# [TASK DETAILS]
Return every entry below without altering a word.

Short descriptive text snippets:
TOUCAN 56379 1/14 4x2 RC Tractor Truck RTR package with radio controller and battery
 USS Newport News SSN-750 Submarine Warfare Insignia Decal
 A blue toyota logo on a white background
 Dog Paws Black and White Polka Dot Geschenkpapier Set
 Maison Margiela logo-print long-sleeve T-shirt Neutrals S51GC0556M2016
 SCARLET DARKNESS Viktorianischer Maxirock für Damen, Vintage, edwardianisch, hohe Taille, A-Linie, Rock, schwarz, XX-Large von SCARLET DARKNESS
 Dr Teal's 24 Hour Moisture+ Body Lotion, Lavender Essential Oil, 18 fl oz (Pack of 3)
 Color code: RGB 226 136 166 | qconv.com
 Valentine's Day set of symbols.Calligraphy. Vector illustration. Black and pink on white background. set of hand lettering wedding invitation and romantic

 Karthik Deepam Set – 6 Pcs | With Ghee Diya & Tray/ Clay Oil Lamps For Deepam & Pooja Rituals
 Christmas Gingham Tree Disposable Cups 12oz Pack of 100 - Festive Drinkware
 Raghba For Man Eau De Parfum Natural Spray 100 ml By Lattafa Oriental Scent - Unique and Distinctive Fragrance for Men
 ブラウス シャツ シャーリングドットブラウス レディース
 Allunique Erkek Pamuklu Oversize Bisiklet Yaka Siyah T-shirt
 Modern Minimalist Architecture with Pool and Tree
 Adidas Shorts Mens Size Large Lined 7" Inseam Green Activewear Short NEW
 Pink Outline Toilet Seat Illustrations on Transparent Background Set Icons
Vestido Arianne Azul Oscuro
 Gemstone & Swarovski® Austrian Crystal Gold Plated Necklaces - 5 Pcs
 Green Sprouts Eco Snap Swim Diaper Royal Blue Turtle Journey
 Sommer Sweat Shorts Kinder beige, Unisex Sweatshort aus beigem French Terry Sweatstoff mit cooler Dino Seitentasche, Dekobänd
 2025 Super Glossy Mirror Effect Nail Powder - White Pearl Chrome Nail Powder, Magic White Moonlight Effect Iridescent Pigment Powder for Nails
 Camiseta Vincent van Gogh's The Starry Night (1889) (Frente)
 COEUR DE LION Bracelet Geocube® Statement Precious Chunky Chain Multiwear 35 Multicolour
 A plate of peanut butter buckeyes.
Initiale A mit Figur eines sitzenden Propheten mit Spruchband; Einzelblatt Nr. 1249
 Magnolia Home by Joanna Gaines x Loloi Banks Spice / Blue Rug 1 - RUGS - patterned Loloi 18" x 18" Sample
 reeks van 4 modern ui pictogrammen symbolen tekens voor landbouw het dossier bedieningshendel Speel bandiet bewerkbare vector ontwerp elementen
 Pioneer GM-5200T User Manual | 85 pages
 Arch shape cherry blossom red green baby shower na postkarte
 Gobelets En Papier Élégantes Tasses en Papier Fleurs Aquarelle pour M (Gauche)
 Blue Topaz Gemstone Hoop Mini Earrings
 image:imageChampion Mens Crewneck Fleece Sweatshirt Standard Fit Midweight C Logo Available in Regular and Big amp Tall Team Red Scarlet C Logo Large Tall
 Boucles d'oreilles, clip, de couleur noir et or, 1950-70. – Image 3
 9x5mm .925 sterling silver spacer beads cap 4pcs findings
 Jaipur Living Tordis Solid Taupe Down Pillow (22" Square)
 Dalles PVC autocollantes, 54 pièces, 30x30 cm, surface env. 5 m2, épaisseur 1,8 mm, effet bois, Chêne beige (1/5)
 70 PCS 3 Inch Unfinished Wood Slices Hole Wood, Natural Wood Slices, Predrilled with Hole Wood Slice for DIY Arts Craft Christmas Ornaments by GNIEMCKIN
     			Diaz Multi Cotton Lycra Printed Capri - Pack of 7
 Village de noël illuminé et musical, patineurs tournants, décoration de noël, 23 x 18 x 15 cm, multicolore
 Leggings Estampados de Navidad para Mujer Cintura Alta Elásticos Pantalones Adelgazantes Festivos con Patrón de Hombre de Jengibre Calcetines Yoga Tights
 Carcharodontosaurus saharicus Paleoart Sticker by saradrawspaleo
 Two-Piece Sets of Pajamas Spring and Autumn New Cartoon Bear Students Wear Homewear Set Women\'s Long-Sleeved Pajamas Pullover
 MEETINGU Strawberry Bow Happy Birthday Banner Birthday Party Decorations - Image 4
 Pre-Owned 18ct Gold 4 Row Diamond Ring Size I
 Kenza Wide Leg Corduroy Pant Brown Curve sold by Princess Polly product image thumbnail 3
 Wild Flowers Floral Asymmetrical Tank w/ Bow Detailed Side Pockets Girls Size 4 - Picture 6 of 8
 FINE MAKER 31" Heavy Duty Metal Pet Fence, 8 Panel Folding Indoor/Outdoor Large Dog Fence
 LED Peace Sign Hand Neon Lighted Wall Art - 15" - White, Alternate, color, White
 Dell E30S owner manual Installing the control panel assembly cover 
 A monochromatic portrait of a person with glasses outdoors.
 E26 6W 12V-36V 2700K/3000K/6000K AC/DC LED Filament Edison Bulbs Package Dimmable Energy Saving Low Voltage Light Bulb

# [REPLY TO THE TASK]
TOUCAN 56379 1/14 4x2 RC Tractor Truck RTR package with radio controller and battery
 USS Newport News SSN-750 Submarine Warfare Insignia Decal
 A blue toyota logo on a white background
 Dog Paws Black and White Polka Dot Geschenkpapier Set
 Maison Margiela logo-print long-sleeve T-shirt Neutrals S51GC0556M2016
 SCARLET DARKNESS Viktorianischer Maxirock für Damen, Vintage, edwardianisch, hohe Taille, A-Linie, Rock, schwarz, XX-Large von SCARLET DARKNESS
 Dr Teal's 24 Hour Moisture+ Body Lotion, Lavender Essential Oil, 18 fl oz (Pack of 3)
 Color code: RGB 226 136 166 | qconv.com
 Valentine's Day set of symbols.Calligraphy. Vector illustration. Black and pink on white background. set of hand lettering wedding invitation and romantic

 Karthik Deepam Set – 6 Pcs | With Ghee Diya & Tray/ Clay Oil Lamps For Deepam & Pooja Rituals
 Christmas Gingham Tree Disposable Cups 12oz Pack of 100 - Festive Drinkware
 Raghba For Man Eau De Parfum Natural Spray 100 ml By Lattafa Oriental Scent - Unique and Distinctive Fragrance for Men
 ブラウス シャツ シャーリングドットブラウス レディース
 Allunique Erkek Pamuklu Oversize Bisiklet Yaka Siyah T-shirt
 Modern Minimalist Architecture with Pool and Tree
 Adidas Shorts Mens Size Large Lined 7" Inseam Green Activewear Short NEW
 Pink Outline Toilet Seat Illustrations on Transparent Background Set Icons
Vestido Arianne Azul Oscuro
 Gemstone & Swarovski® Austrian Crystal Gold Plated Necklaces - 5 Pcs
 Green Sprouts Eco Snap Swim Diaper Royal Blue Turtle Journey
 Sommer Sweat Shorts Kinder beige, Unisex Sweatshort aus beigem French Terry Sweatstoff mit cooler Dino Seitentasche, Dekobänd
 2025 Super Glossy Mirror Effect Nail Powder - White Pearl Chrome Nail Powder, Magic White Moonlight Effect Iridescent Pigment Powder for Nails
 Camiseta Vincent van Gogh's The Starry Night (1889) (Frente)
 COEUR DE LION Bracelet Geocube® Statement Precious Chunky Chain Multiwear 35 Multicolour
 A plate of peanut butter buckeyes.
Initiale A mit Figur eines sitzenden Propheten mit Spruchband; Einzelblatt Nr. 1249
 Magnolia Home by Joanna Gaines x Loloi Banks Spice / Blue Rug 1 - RUGS - patterned Loloi 18" x 18" Sample
 reeks van 4 modern ui pictogrammen symbolen tekens voor landbouw het dossier bedieningshendel Speel bandiet bewerkbare vector ontwerp elementen
 Pioneer GM-5200T User Manual | 85 pages
 Arch shape cherry blossom red green baby shower na postkarte
 Gobelets En Papier Élégantes Tasses en Papier Fleurs Aquarelle pour M (Gauche)
 Blue Topaz Gemstone Hoop Mini Earrings
 image:imageChampion Mens Crewneck Fleece Sweatshirt Standard Fit Midweight C Logo Available in Regular and Big amp Tall Team Red Scarlet C Logo Large Tall
 Boucles d'oreilles, clip, de couleur noir et or, 1950-70. – Image 3
 9x5mm .925 sterling silver spacer beads cap 4pcs findings
 Jaipur Living Tordis Solid Taupe Down Pillow (22" Square)
 Dalles PVC autocollantes, 54 pièces, 30x30 cm, surface env. 5 m2, épaisseur 1,8 mm, effet bois, Chêne beige (1/5)
 70 PCS 3 Inch Unfinished Wood Slices Hole Wood, Natural Wood Slices, Predrilled with Hole Wood Slice for DIY Arts Craft Christmas Ornaments by GNIEMCKIN
     			Diaz Multi Cotton Lycra Printed Capri - Pack of 7
 Village de noël illuminé et musical, patineurs tournants, décoration de noël, 23 x 18 x 15 cm, multicolore
 Leggings Estampados de Navidad para Mujer Cintura Alta Elásticos Pantalones Adelgazantes Festivos con Patrón de Hombre de Jengibre Calcetines Yoga Tights
 Carcharodontosaurus saharicus Paleoart Sticker by saradrawspaleo
 Two-Piece Sets of Pajamas Spring and Autumn New Cartoon Bear Students Wear Homewear Set Women\'s Long-Sleeved Pajamas Pullover
 MEETINGU Strawberry Bow Happy Birthday Banner Birthday Party Decorations - Image 4
 Pre-Owned 18ct Gold 4 Row Diamond Ring Size I
 Kenza Wide Leg Corduroy Pant Brown Curve sold by Princess Polly product image thumbnail 3
 Wild Flowers Floral Asymmetrical Tank w/ Bow Detailed Side Pockets Girls Size 4 - Picture 6 of 8
 FINE MAKER 31" Heavy Duty Metal Pet Fence, 8 Panel Folding Indoor/Outdoor Large Dog Fence
 LED Peace Sign Hand Neon Lighted Wall Art - 15" - White, Alternate, color, White
 Dell E30S owner manual Installing the control panel assembly cover 
 A monochromatic portrait of a person with glasses outdoors.
 E26 6W 12V-36V 2700K/3000K/6000K AC/DC LED Filament Edison Bulbs Package Dimmable Energy Saving Low Voltage Light Bulb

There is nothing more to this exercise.